Steps to Run a Model/Program
NOTE: Please be mindful of how you are using the system. For example, consider running larger jobs in the evening or on weekends.
NOTE: Please use only Slurm commands, i.e., srun and sbatch, to run your code. If you run your code directly using the python command, it may cause conflicts on the system.
The SambaNova workflow includes the following main steps to run a model.
- Test (optional)
Example Programs lists the different example applications with corresponding commands for each of the above steps.

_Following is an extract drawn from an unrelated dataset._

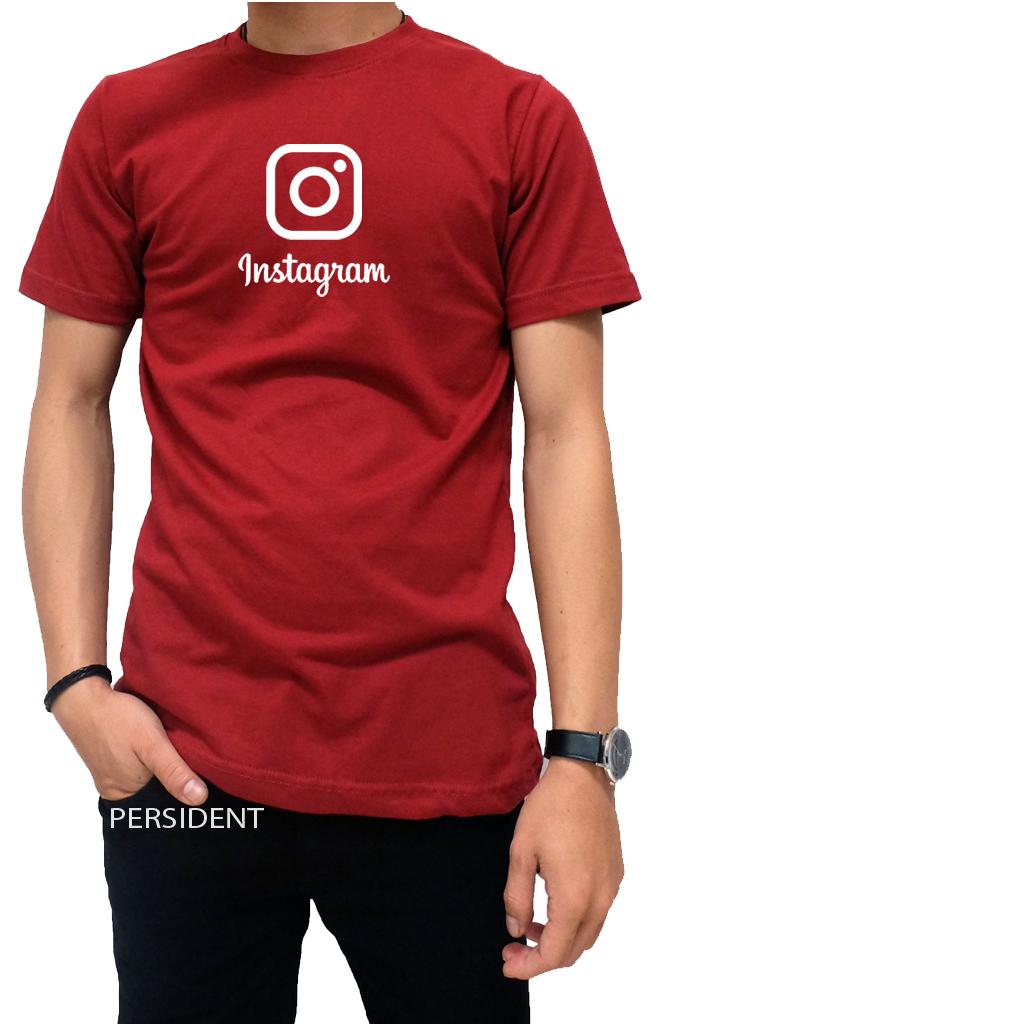 Persident Store - Kaos Kata Kata Pria T-shirt Distro Fashion 100% Combed 30s Kaos Tulisan korea 3D Brand Distro Gambar INSTAGRAM Keren Sablon Ekspresi Keren Bandung cewek cowok baju pria wanita kaos T-shirt fashion kaos pria band cowok cewek korea anime Persident Store - Kaos Kata Kata Pria T-shirt Distro Fashion 100% Combed 30s Kaos Tulisan korea 3D Brand Distro Gambar INSTAGRAM Keren Sablon Ekspresi Keren Bandung cewek cowok baju pria wanita kaos T-shirt fashion kaos pria band cowok cewek korea anime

Compiles the model and generates a .pef file. This file contains information on how to reconfigure the hardware, how many compute and memory resources are required and how they will be used in all subsequent steps. The pef files are by default saved in the 'out' directory; the SambaNova documentation advises saving pef files in separate directories with the '--output-folder' option.
It is necessary to re-compile only when the model changes, or parameters specific to the model graph change, including the batch size.

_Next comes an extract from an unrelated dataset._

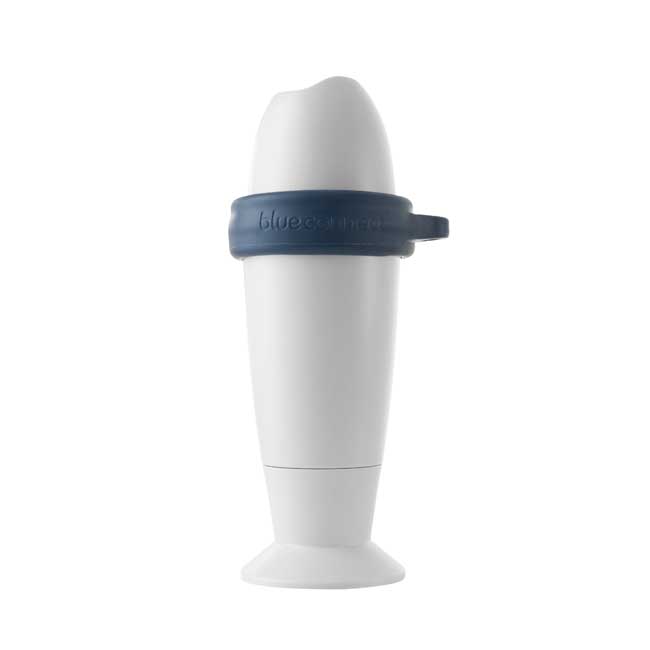 Analizador inteligente de piscinas Blue Connect GO - Q-Tech ®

Compile times can be significant.
Compile of the Unet sample, for example, when using images of size 32x32 pixels, takes 358 (s), and 1844 (s) for images of size 256x256.

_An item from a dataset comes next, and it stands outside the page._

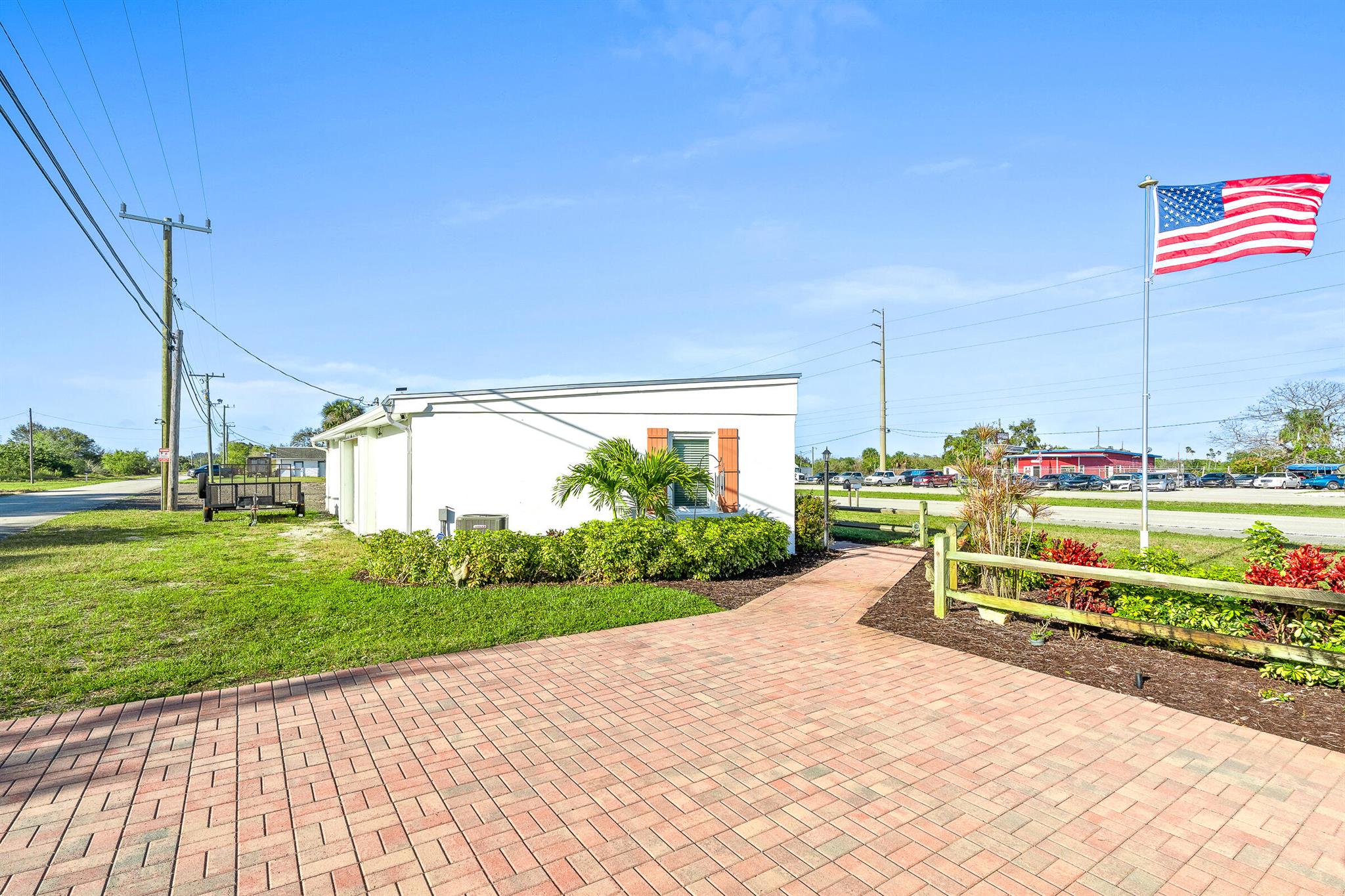 2997 N Us Highway 1 Property Photo 4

srun python lenet.py compile -b=1 --pef-name="lenet" --output-folder="pef"
|-b||1||Batch size for training|
This will run the application on SN nodes.
srun python lenet.py run --pef="pef/lenet/lenet.pef"
The location of the pef file generated in the compile step is passed as an argument to the run command.
This command is used to run the model on both the host CPU and the SambaNova node. It compares the answers from the CPU and SambaNova RDU and will raise errors if any discrepancies are found. Pass the pef file generated as part of the compile step as the input to this command.
srun python lenet.py test --pef="pef/lenet/lenet.pef"